Yeah not looking to buy any more stuff than I have to. The distances I guessed are just that: conservative and probably way too long of runs. That said, I need to do some measuring when I get home and find out what the situation is, concisely. I'll probably end up using 10 awg.
Looks like I need a smaller circuit breaker. 15 amp? 20amp? 30 amp?
Kinda pissed I bought all the wrong stuff :( But hey that's what happens when you make assumptions.
 
Yep, your distance is a critical factor, so you need to know what that is before you make any decisions.

Your max amp draw thru the panel looks like 15A, so using a rule-of-thumb 135%, you'd want a 20A breaker.

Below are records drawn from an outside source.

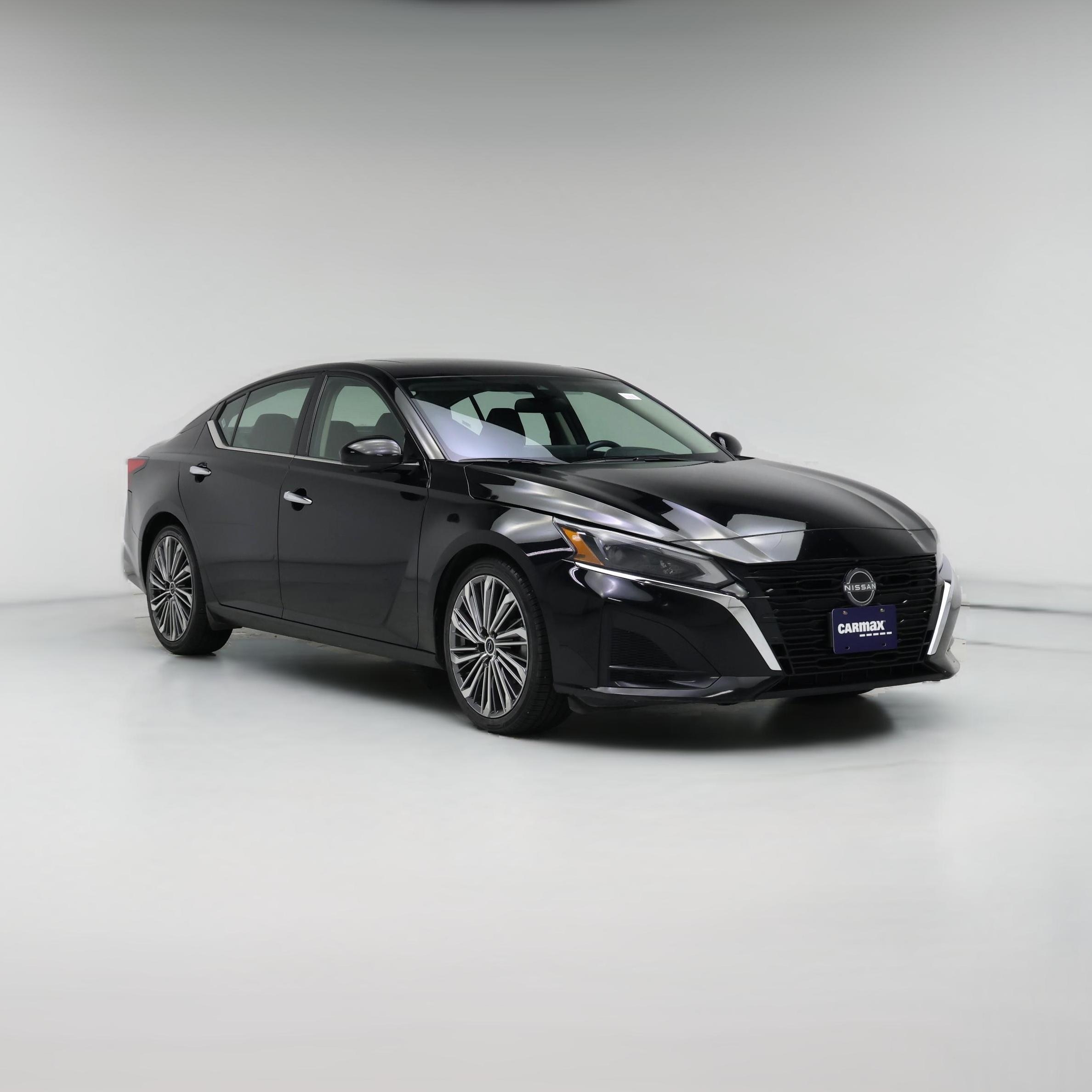 Thumbnail: 2023 Nissan Altima - 1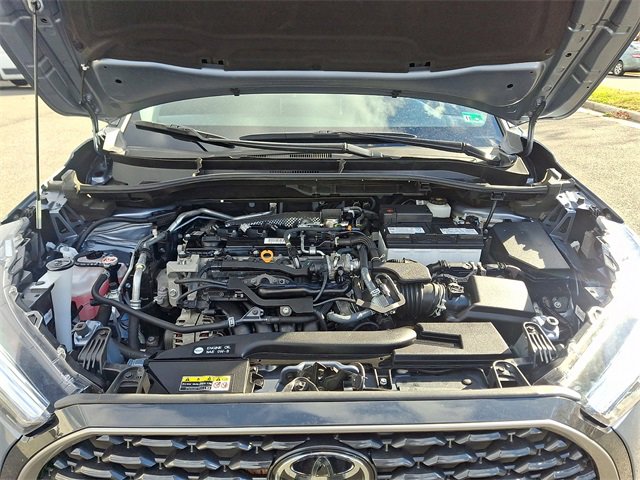 Used 2024 Toyota Corolla Cross XLE image 28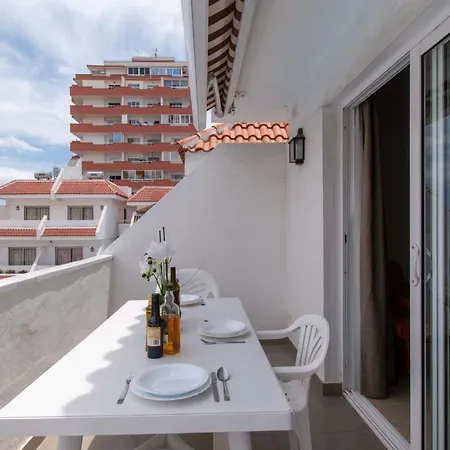 Floritas 19 - Two Bed * Playa de las Americas (Tenerife)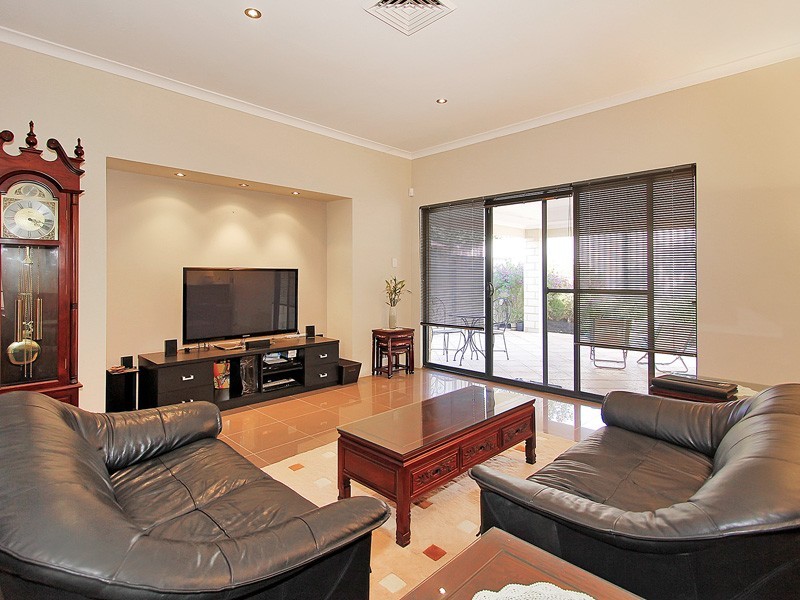 3 Balboa Loop, Aubin Grove WA 6164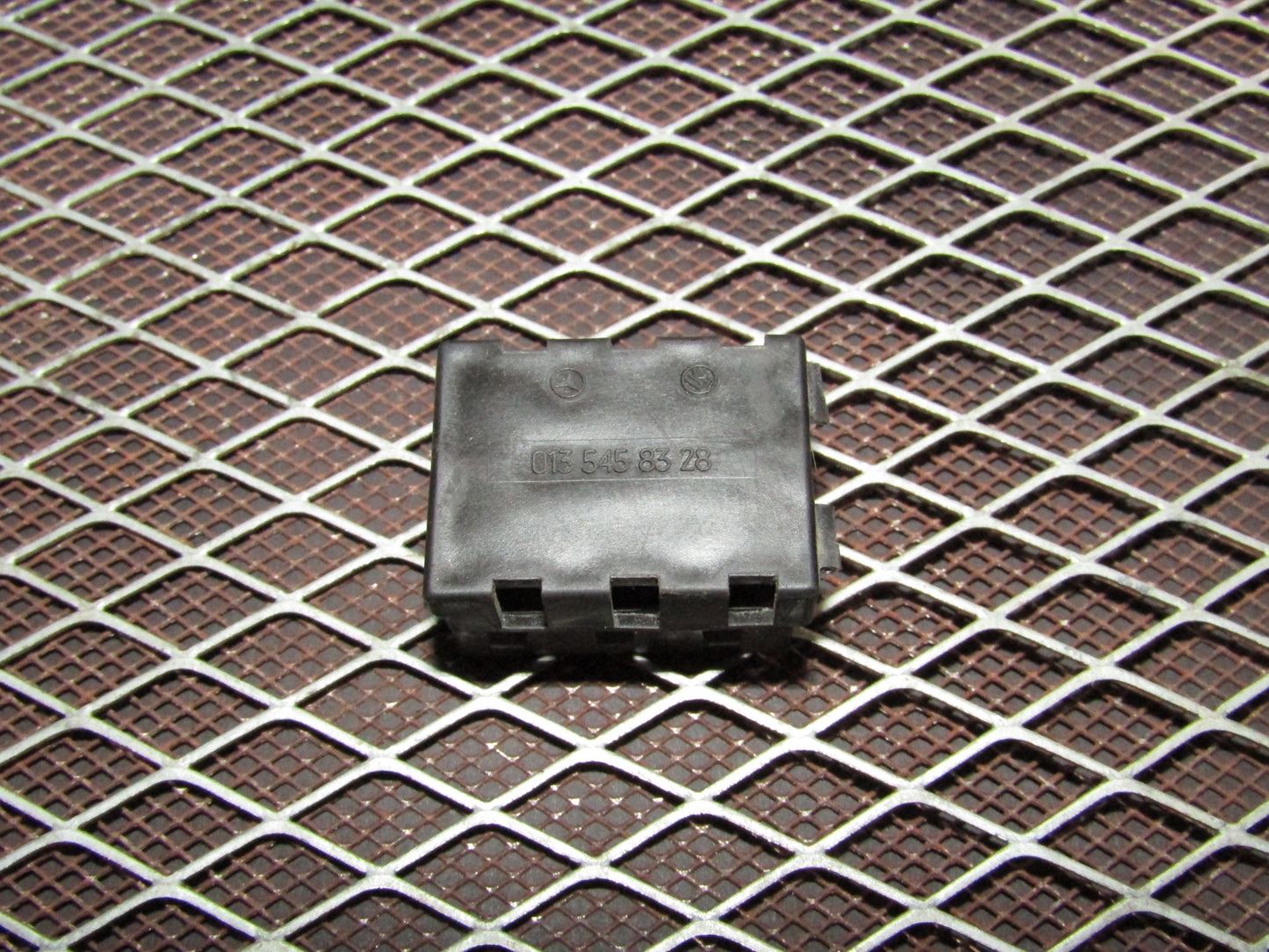 86-93 Mercedes Benz 300E OEM Rear Window Switch Harness Terminal Plug - Right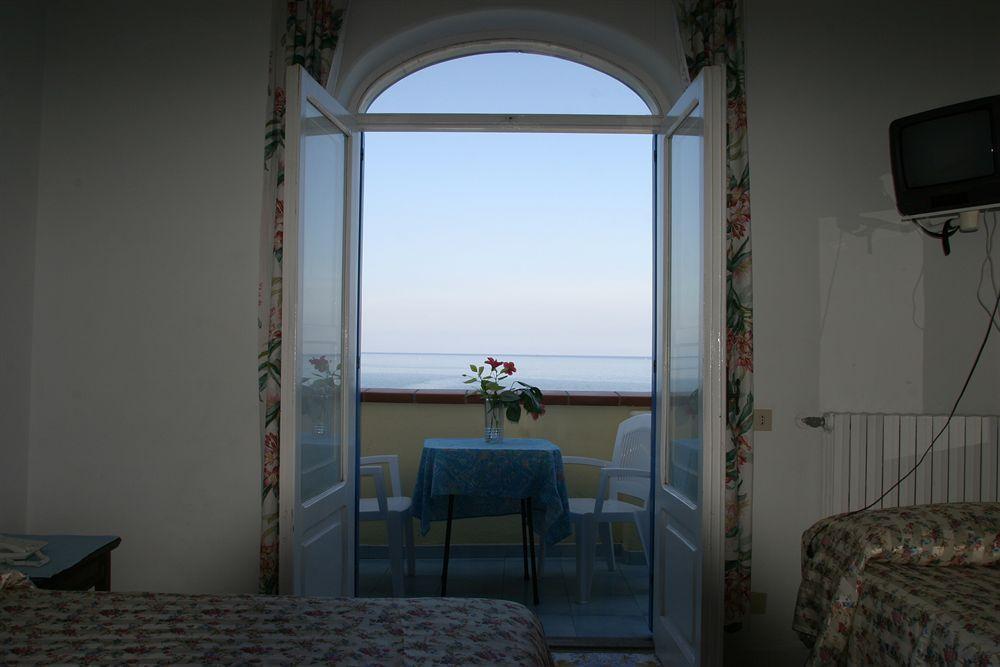 Hotel Terme Marina Lacco Ameno  Esterno foto
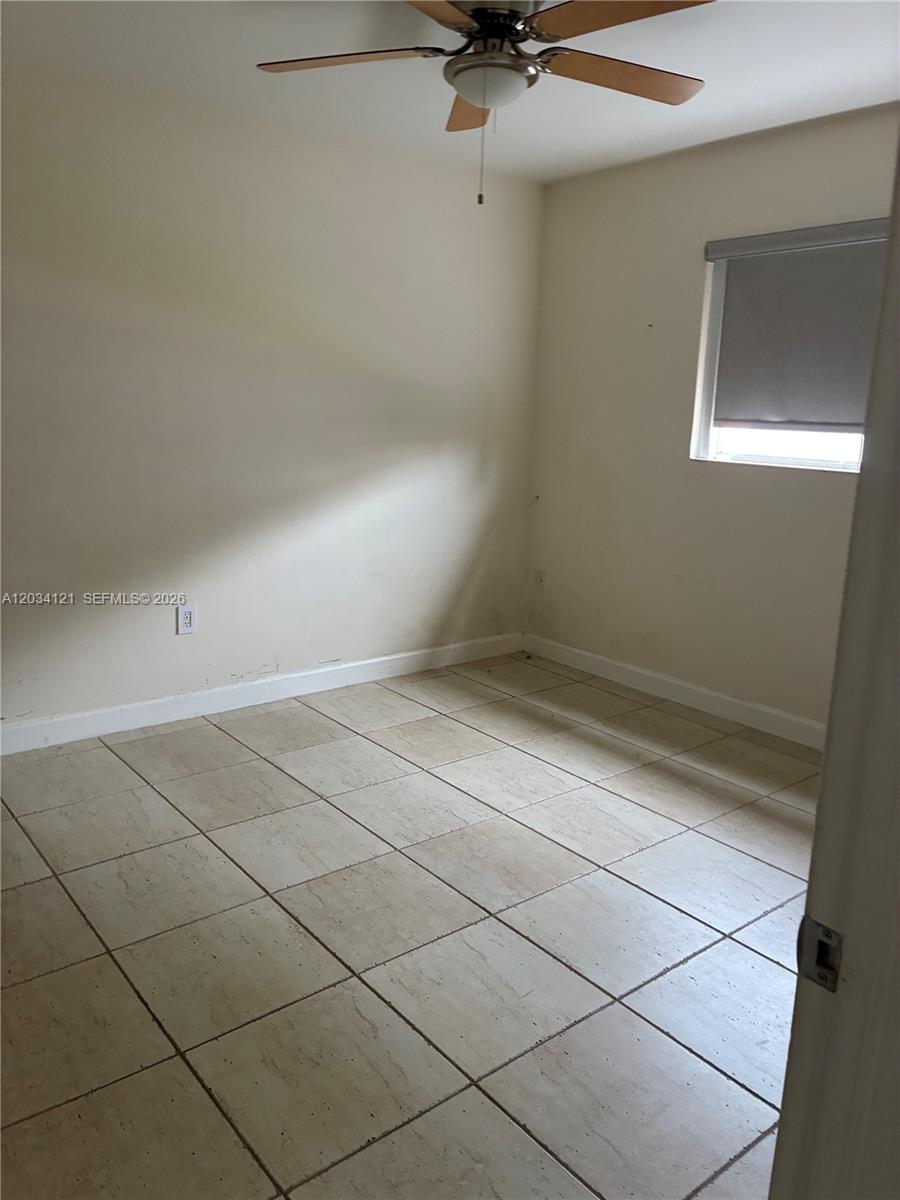 18715 Ne 18th Avenue Property Photo 7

Don't worry about not getting the right stuff (I've got a whole box full of it !), you're going about it the right way by figuring it out beforehand, instead of after you have a problem.
 
On another note, I'm gonna go pick up a pristine Merc 25hp motor tonight!!! Hopefully I can sell my 8hp quickly, which will give me 3x the horsepower for only about $250 more than the 8hp!
WOOT!!!
 
Im at the point where Im plotting out my electrical in order to buy the parts. No matter how much I read, I find Im still completely confused. This thread was extremely helpful, but by the end I wasnt sure if the original parts list was going to be correct for me. Maybe Ill just post my diagram and hope one of these few gentlemen can tell me exactly what I need based on the diagram. Still, this thread gave me some place to start. Thanks.
 
Here's my latest diagram based on the decisions I/we made in the last couple of days. Glad I could help you a little bit!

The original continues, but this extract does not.